[SUPPLIED RECORDS — start]
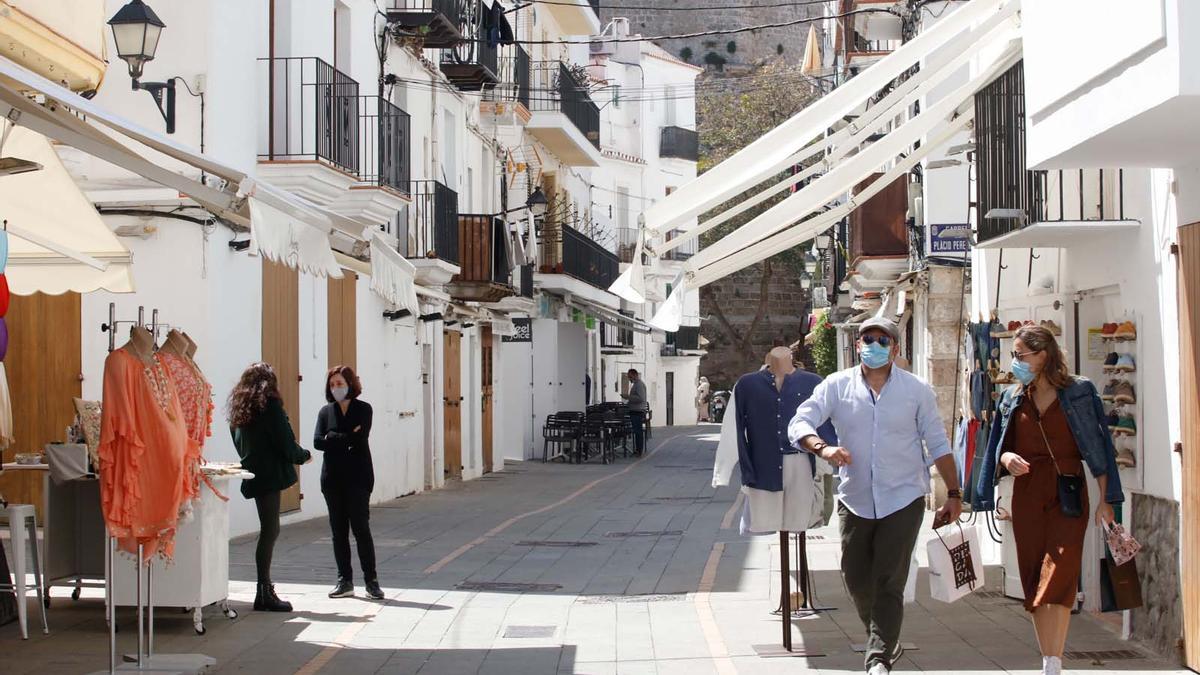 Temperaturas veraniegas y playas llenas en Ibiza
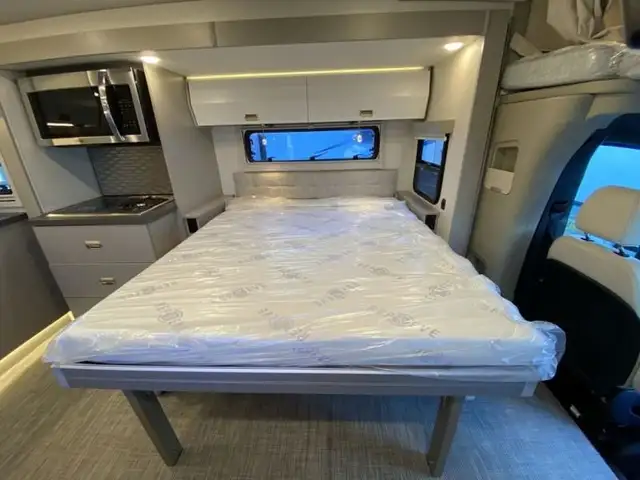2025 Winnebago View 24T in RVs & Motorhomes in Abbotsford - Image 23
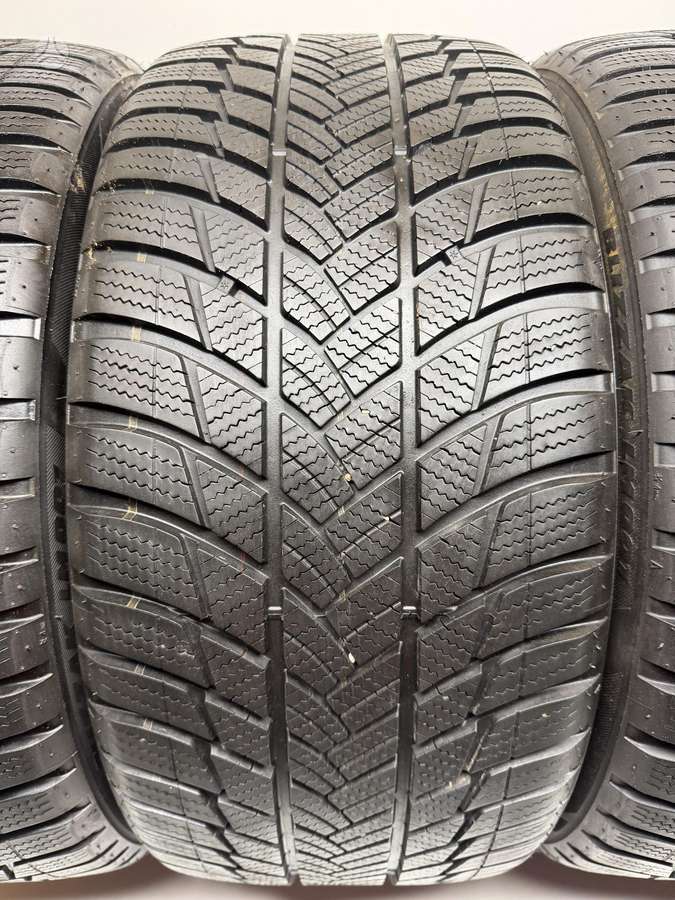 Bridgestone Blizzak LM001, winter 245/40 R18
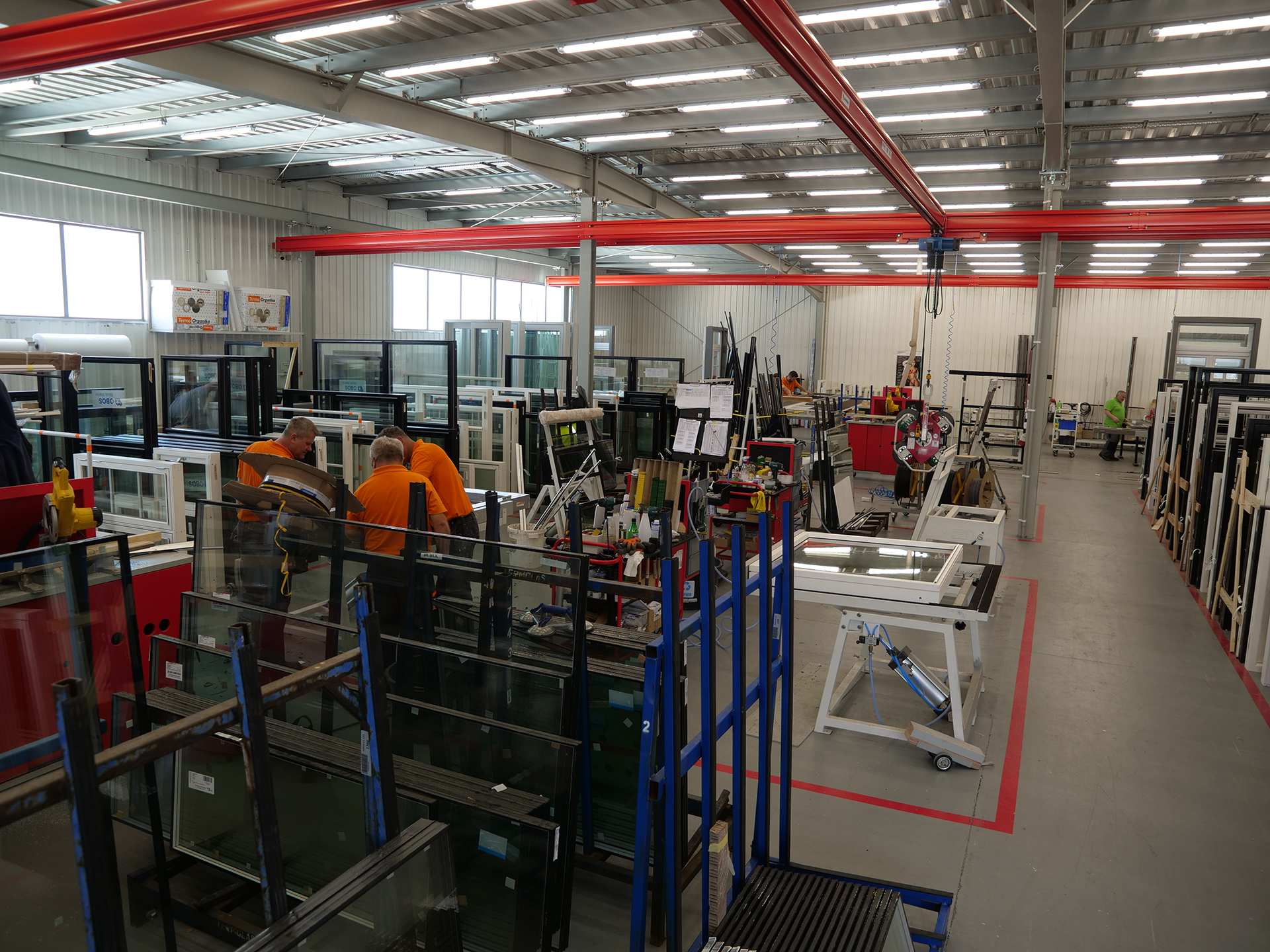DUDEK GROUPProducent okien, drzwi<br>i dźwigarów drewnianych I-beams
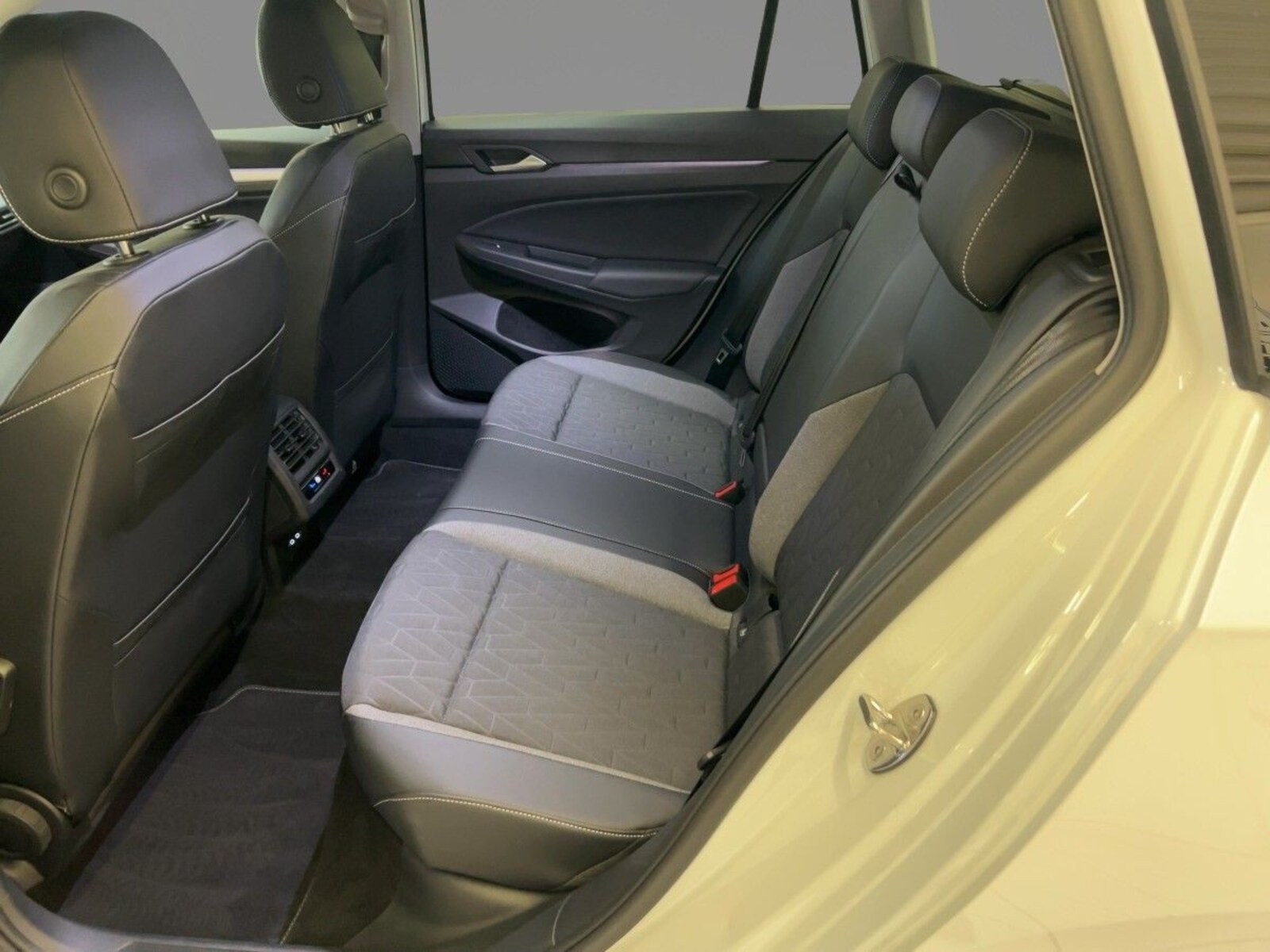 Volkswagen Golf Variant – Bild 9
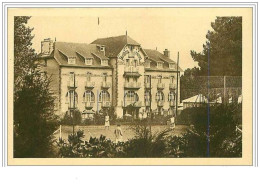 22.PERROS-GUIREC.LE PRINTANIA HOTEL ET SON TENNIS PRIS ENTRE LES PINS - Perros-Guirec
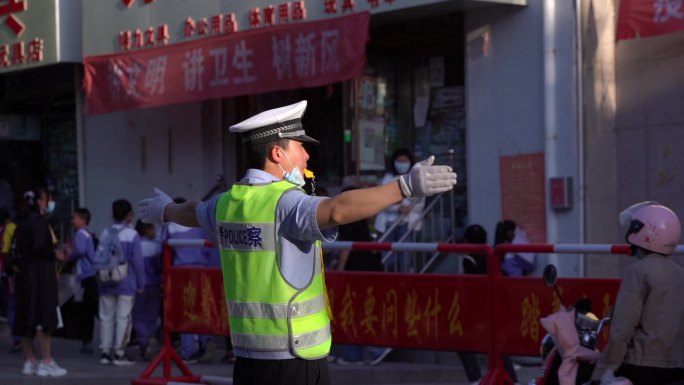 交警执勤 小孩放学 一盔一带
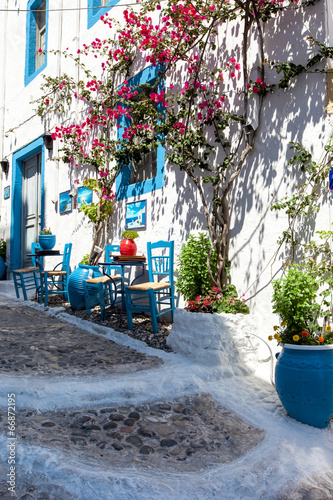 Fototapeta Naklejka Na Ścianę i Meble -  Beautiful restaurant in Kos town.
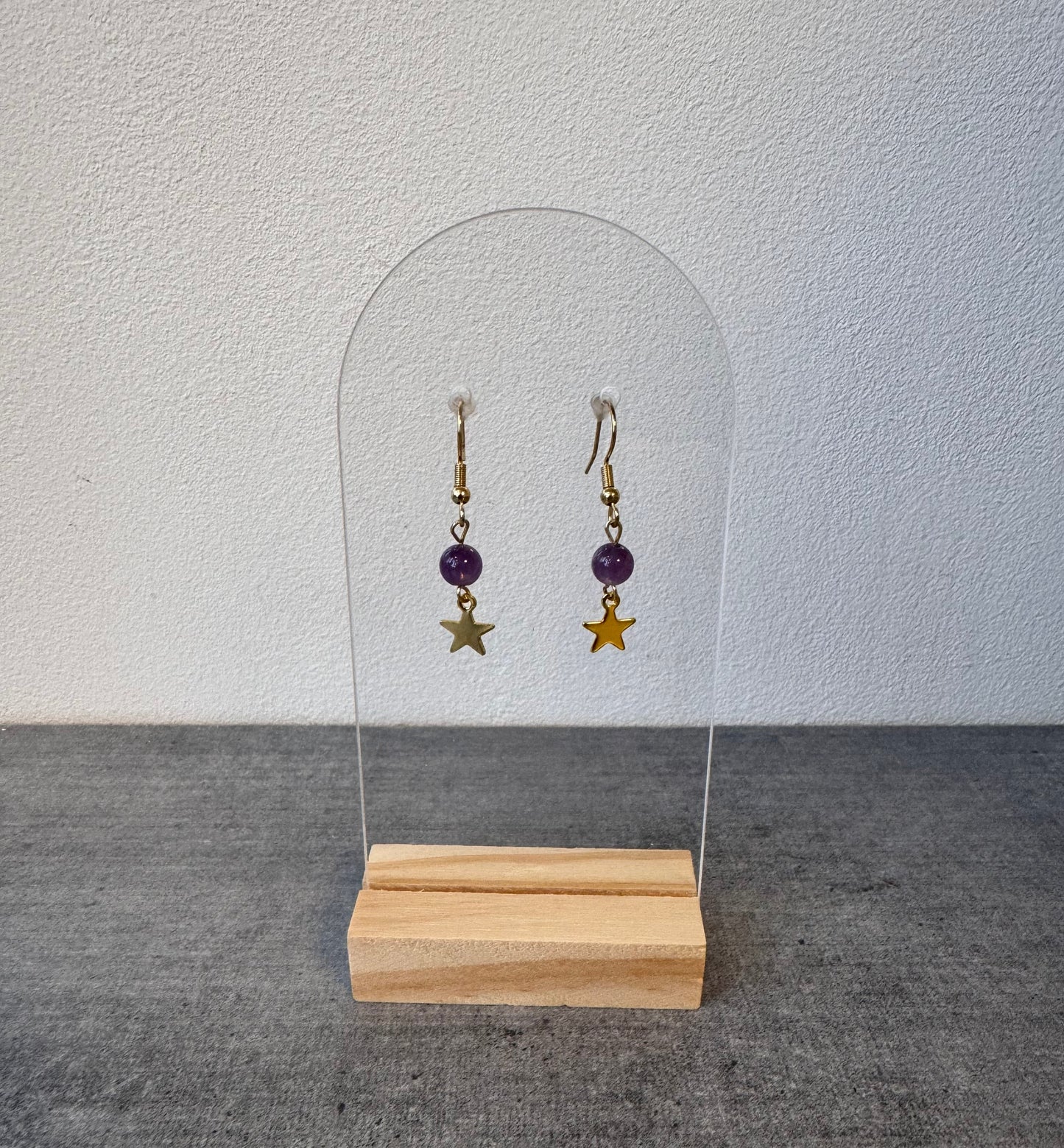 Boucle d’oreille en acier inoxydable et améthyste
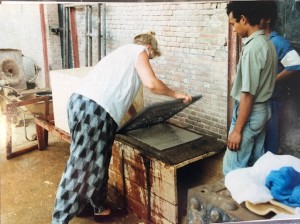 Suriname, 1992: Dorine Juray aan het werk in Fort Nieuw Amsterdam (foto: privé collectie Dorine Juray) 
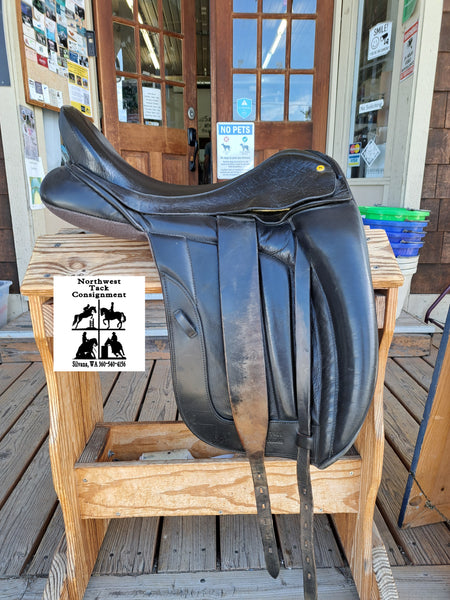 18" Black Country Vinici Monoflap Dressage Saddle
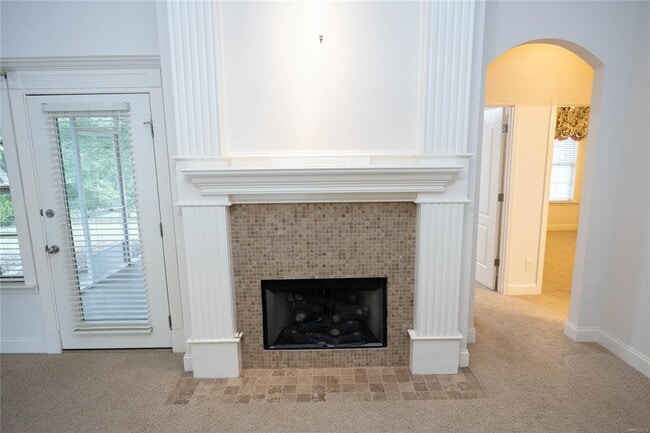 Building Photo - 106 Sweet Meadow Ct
[SUPPLIED RECORDS — finish]
## [ABOUT THIS TASK]
Exclude the pictures from the copy. Retype exactly the lines running from the one containing "Suriname, 1992: Dorine" through the last line of the listing.

## [WRITTEN SOLUTION]
 Suriname, 1992: Dorine Juray aan het werk in Fort Nieuw Amsterdam (foto: privé collectie Dorine Juray) 
 18" Black Country Vinici Monoflap Dressage Saddle
 Building Photo - 106 Sweet Meadow Ct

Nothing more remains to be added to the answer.